The Parilli case, now named People of New York ex rel. Hearn v. Muste, 57.1,* is presently pending before the United States Supreme Court.

Other cases instituted five or more years ago:

One cannot but wonder what has happened to all of the defendants fighting criminal charges which arose in the McCarthy Era and the plaintiffs seeking satisfaction for wrongs done then. Would the individuals and organizations have been indicted on the same charges in 1960? Is the law the same in 1960 as in 1955? Is the temper of juries the same? The outlook of judges? And what changes have taken place in the beliefs and associations of the individuals themselves? How many of the organizations under attack in 1955 have the same policies and members in 1960? In how many of these cases has justice delayed meant justice denied?

A Significant Slice of the Law

Some readers may be surprised to learn that 49 of the first 340 cases docketed in the U.S. Supreme Court this term (Oct. 1960) involve civil liberties or civil rights issues and are reported in the DOCKET.

The Mosaic Pattern

Some time ago, experts began to differentiate between "civil liberties" and "civil rights" — "civil liberties" covering those rights contained in the Bill of Rights, "civil rights" covering equal protection of the law regardless of race, color, national origin, or religion.

The DOCKET reports both civil liberties and civil rights cases.

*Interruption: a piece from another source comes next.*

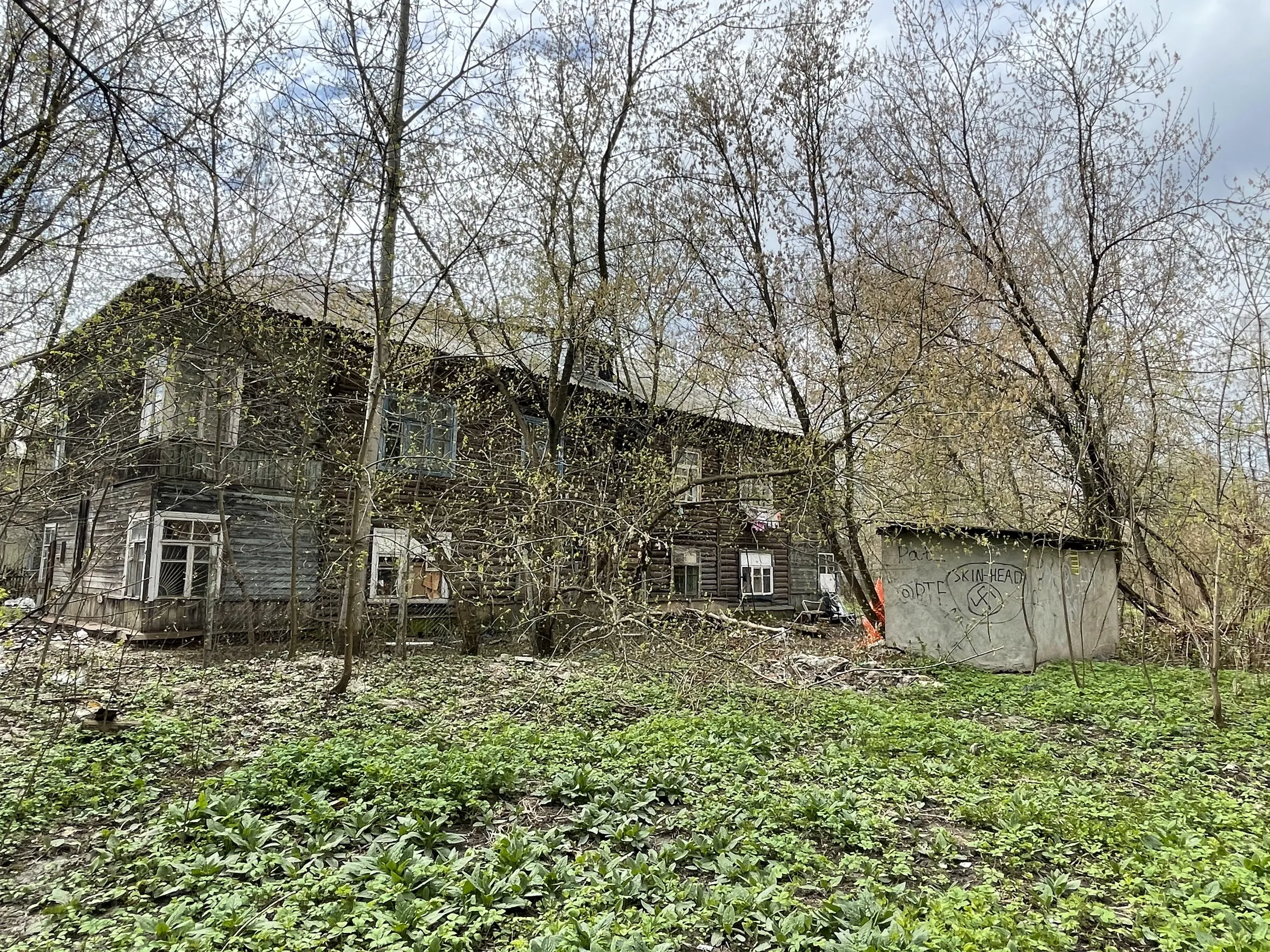 Ретро-застройка в промзоне, фото 16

Each issue demonstrates again the impossibility of separating one from the other. Consider the First Amendment attacks against the right of the N.A.A.C.P to function as a civil rights organization (204.). Consider the First Amendment attacks against N.A.A.C.P. leaders who refuse to turn over membership lists (272.4, .10) and the Sixth Amendment attacks against N.A.A.C.P. attorneys who represent white clients (Tuckers, 373.8, .9). Consider the attacks against Highlander Folk School, an integrated private school in Tennessee (58.10, 244.6). And the libel actions against the New York Times for articles on segregation and tension in Alabama (61.9-61.12).

The mosaic formed by DOCKET cases also illuminates the First Amendment antecedents of several Fifth Amendments self-incrimination cases. Consider, e.g., the Lowenstein (teacher dismissal) case, just won in N.J. (342.3), and the unemployment compensation cases (346.)